• _YOUR INSTRUCTIONS_
Exactly the lines from the one containing "Conifer Quiz Solution: Identify" through the end of the listing below are required, restated word for word and without pictures.

• _DATA PROVIDED_
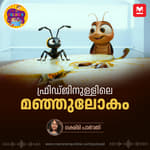 ക്രോക്കു എന്ന കുട്ടിപ്പാറ്റയുടെ ഫ്രിഡ്ജിനുള്ളിലെ മഞ്ഞുലോകം | Malayalam Story for Kids | MKid | Bedtime story | Crocku Cockroach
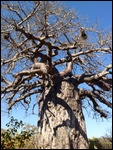 For my Pappy a Baobab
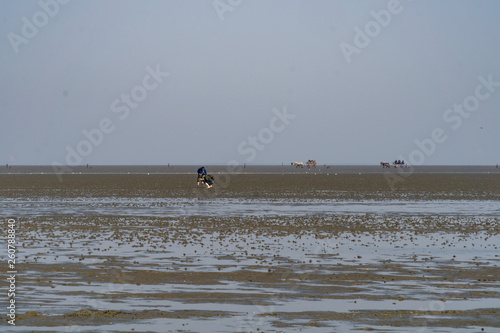 Wattenmeer bei Ebbe mit Wattwagen und Wanderern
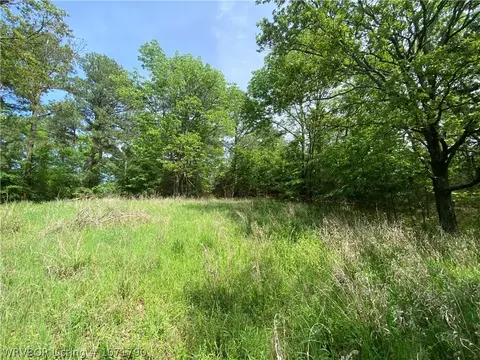 Tbd Eagle Cove, Lamar, AR 72846 photo 4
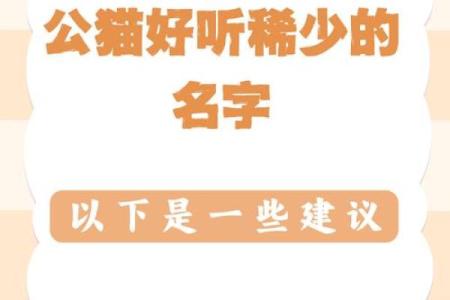 让你的猫咪与众不同的好听名字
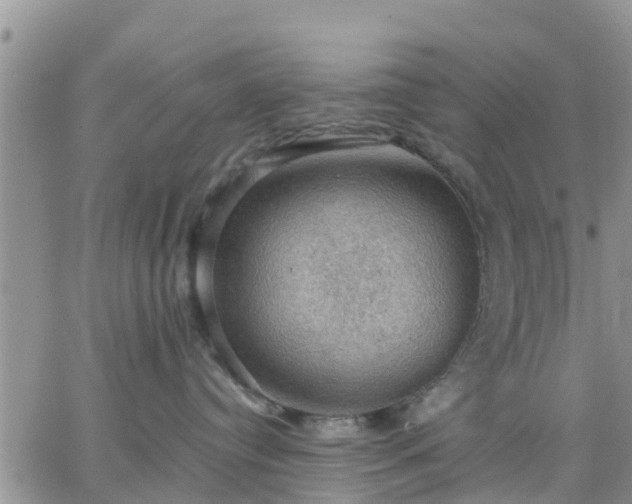 X0000064740384200602171714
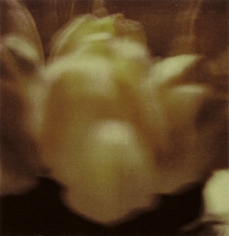 Twombly, Tulip 10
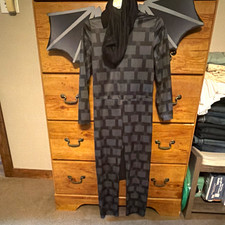 Minecraft Ender Dragon Hooded One-Piece Costume Black/Gray w/ Wings  Headpiece
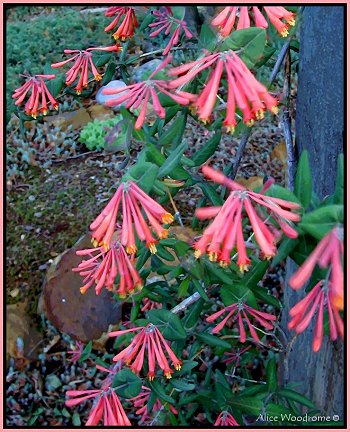 honeysuckle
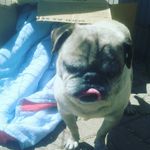 Profile Picture of Sir William Lichtenstein (@sir___william_) on Instagram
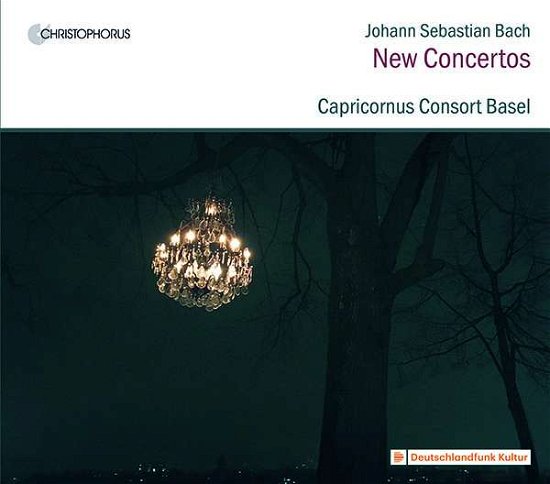 Cover for Capricornus Consort Basel / Peter Barczi · Johann Sebastian Bach: Organ Works On Strings (CD) (2020)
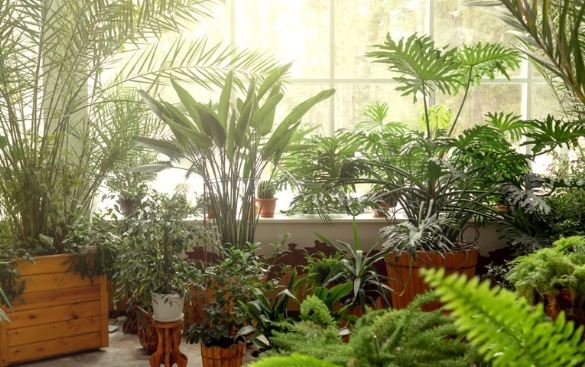 Plants or arthritis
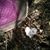 Beth Warner Ahrend's profile image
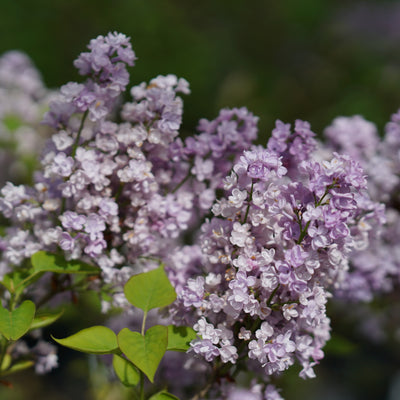 Scentara® Double Blue Lilac highlight.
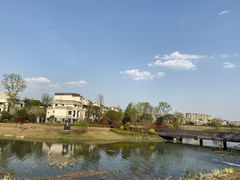 -两河城市森林公园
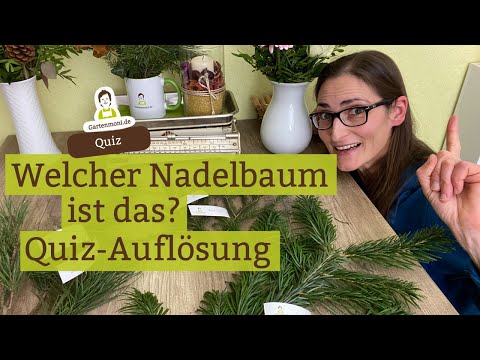 Conifer Quiz Solution: Identify spruce, fir and pine by their needles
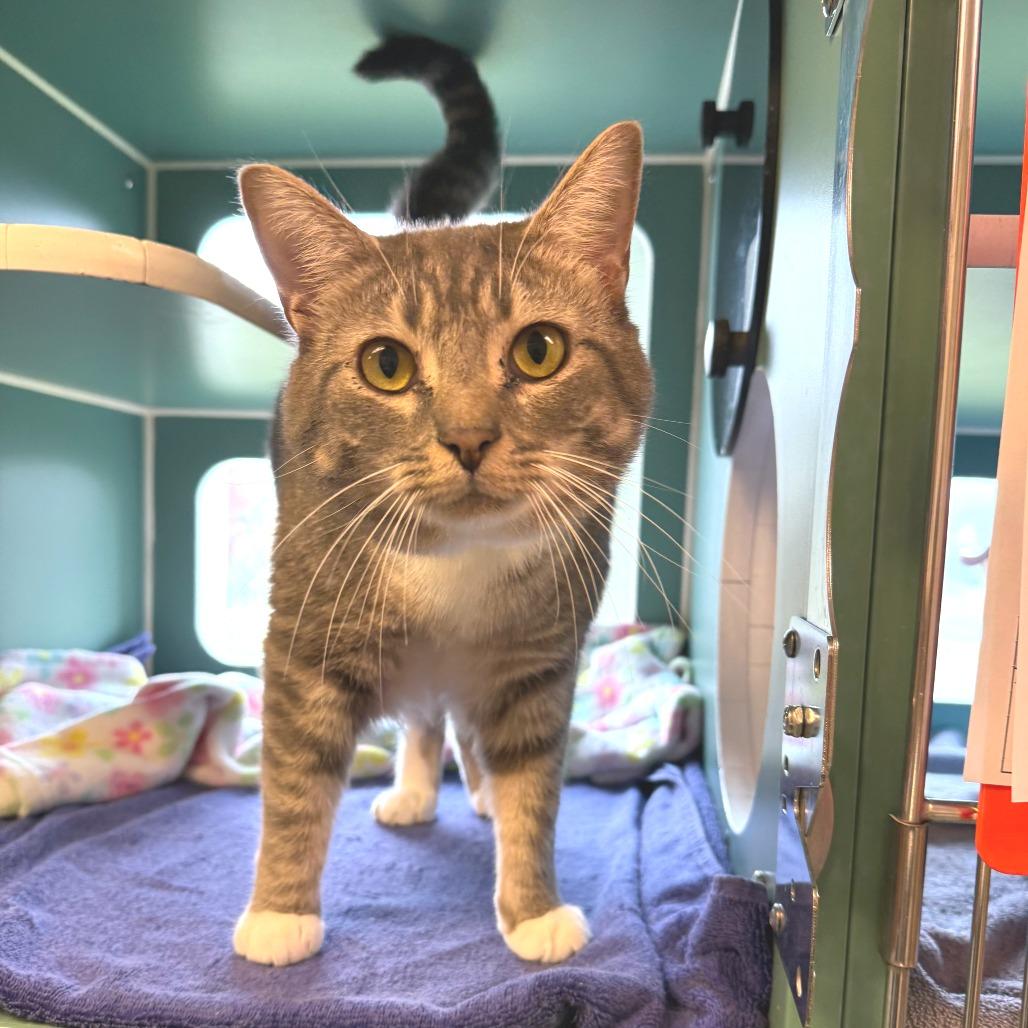 Enlarge Mini, a Adoptable Domestic Short Hair in Morrisville, VT image 2/4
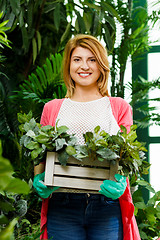 Image showing Woman with box of flowers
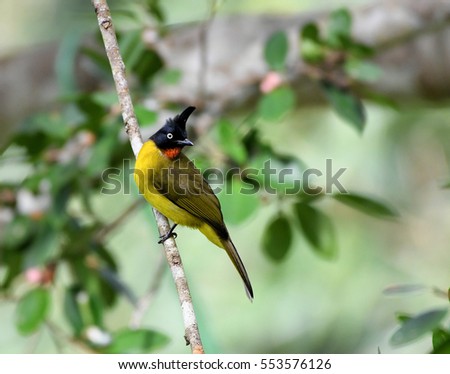 Similar – Image, Stock Photo bülbül Wild animal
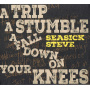 Seasick Steve - A Trip A Stumble A Fall Down On Your Knees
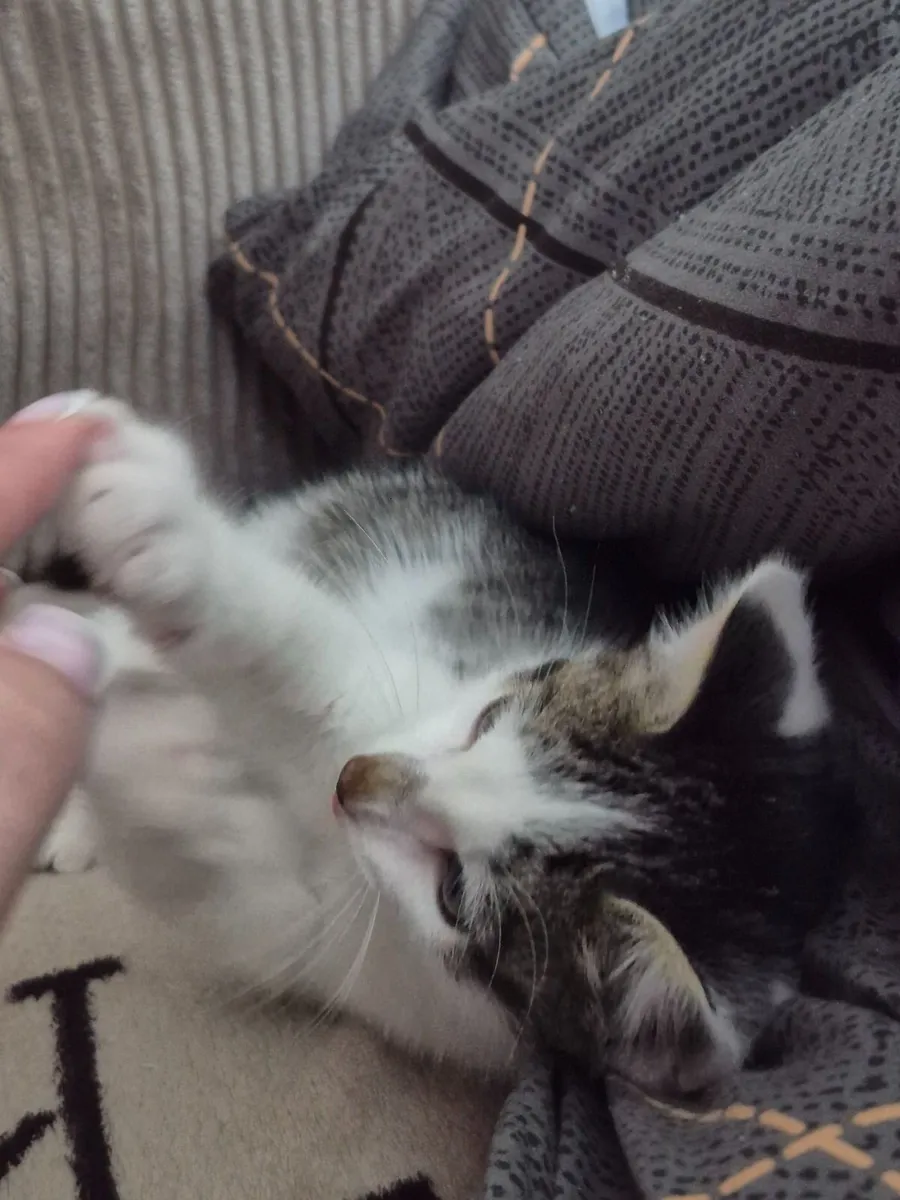 Male kitten looking for new home - Image 3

• _ANSWER FOR THIS EXERCISE_
 Conifer Quiz Solution: Identify spruce, fir and pine by their needles
 Enlarge Mini, a Adoptable Domestic Short Hair in Morrisville, VT image 2/4
 Image showing Woman with box of flowers
 Similar – Image, Stock Photo bülbül Wild animal
 Seasick Steve - A Trip A Stumble A Fall Down On Your Knees
 Male kitten looking for new home - Image 3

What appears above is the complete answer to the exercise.